The retrospective proposes author pages for heavily-cited researchers (Pearl, He, Vaswani, Bengio, Schölkopf, Schmidhuber). Currently marked moderate-risk and skipped. Worth promoting: author pages anchor citation discoverability and let concept pages deep-link back to one canonical write-up per major contributor.

Fix: extend apply_safe_proposals in retrospective.py to handle action_type == "author-page-seed" similarly to the arc-proposal branch — with guardrails (author cited 5+ times across pages, named in 3+ tracks). ~40 LOC.

Rough week-by-week progression

Week 1 — finish the ready arcs. Top up \(20, run 2 cycles. All 12 remaining ready arcs land. Live catalog shows 17 🟢 arcs out of 30. Cost: ~\)15. Quality watch: do the new arc-index pages still struggle?

Week 2 — ship arc-index-craft + author pages. Code: ~120 LOC. Run 1 cycle to refresh the 3 weak arc-indexes from Week 1 + add 5-8 author pages. Cost: ~$5. By end of week 2, every live arc has a primer-grade syllabus + author anchors.

Week 3 — seeds unlock more arcs. The retrospective will have auto-seeded most of the 13 needs-seeds arc dependencies. 5-7 more arcs become ready. Run 2 cycles to spin them. Live catalog shows ~22-24 🟢 arcs. Cost: ~$10.

Week 4 — critic-attribution + persona feedback. Code: ~120 LOC. Run 1 cycle with persona auto-amendment active. Watch whether critic-info-architecture scores rise across the corpus. Quality watch: avg confidence should climb from 0.77 toward 0.85.

End of Phase 2: 25-28 of 30 arcs live, primer-quality averaging 0.85, info-architecture critic no longer the universal complaint, and 8+ author pages anchoring citations. Total Phase-2 spend: ~$40.

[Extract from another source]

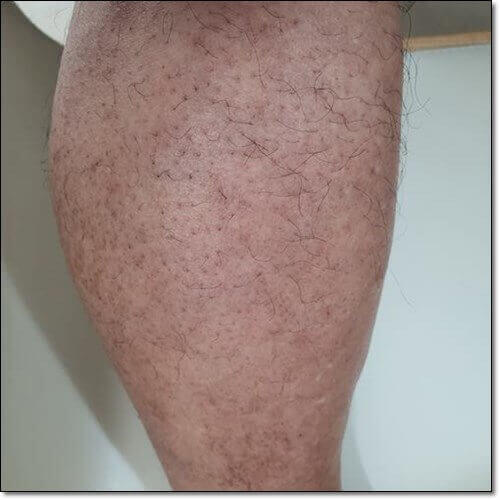  모공각화증 증상 원인 및 예방과 치료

The clean restart sequence

When you have a fresh top-up and want to resume:

# 1. Bump cap to match new headroom (current: 98)
sed -i.bak 's/^BUDGET_LIMIT_USD=.*/BUDGET_LIMIT_USD=120.0/' agents/.env

# 2. Restart server — DIRECT python, NOT via start.sh (that wrapper auto-respawns
#    on crash, which makes "stopping" require killing the wrapper too)
cd agents && source .venv/bin/activate
nohup python -m frontier_agents.cli serve --interval 999 > logs/server.log 2>&1 &

# 3. Trigger first cycle
curl -sX POST http://localhost:8765/trigger

The first cycle will drain the existing 32-item queue. After that, the supervisor auto-spins the next batch of ready arcs from arc-roadmap.md. Hands-off from there.

Phase 3 horizon (not yet started — for later thinking)

  • MVB executability harness. Every MVB recipe needs to be runnable. A nightly job that picks one MVB at random, sets up the named environment, runs the recipe, and checks the success metric. The 5-gate quality bar says the MVB should work; this would verify it.
  • Reader telemetry. Currently zero observation of which arcs/pages readers actually engage with. Even a simple "did you scroll past 60%" signal would let the retrospective prioritize improvements on the most-read pages.
  • Hybrid local + cloud critic fanout. Run the 8 cheap critics locally on the M-series Mac (Gemma 3 4B) while writer/reviewer stay cloud. Cuts ~$0.05/page = ~30% of per-page cost.
  • Cross-arc backlinking. When an arc step in causal-deep-learning references a concept that's also a step in causal-rl, link the two arcs to each other. The retro can compute this from the artifact-chain graph.

This doc is the canonical Phase 2 plan. Edit it as priorities shift.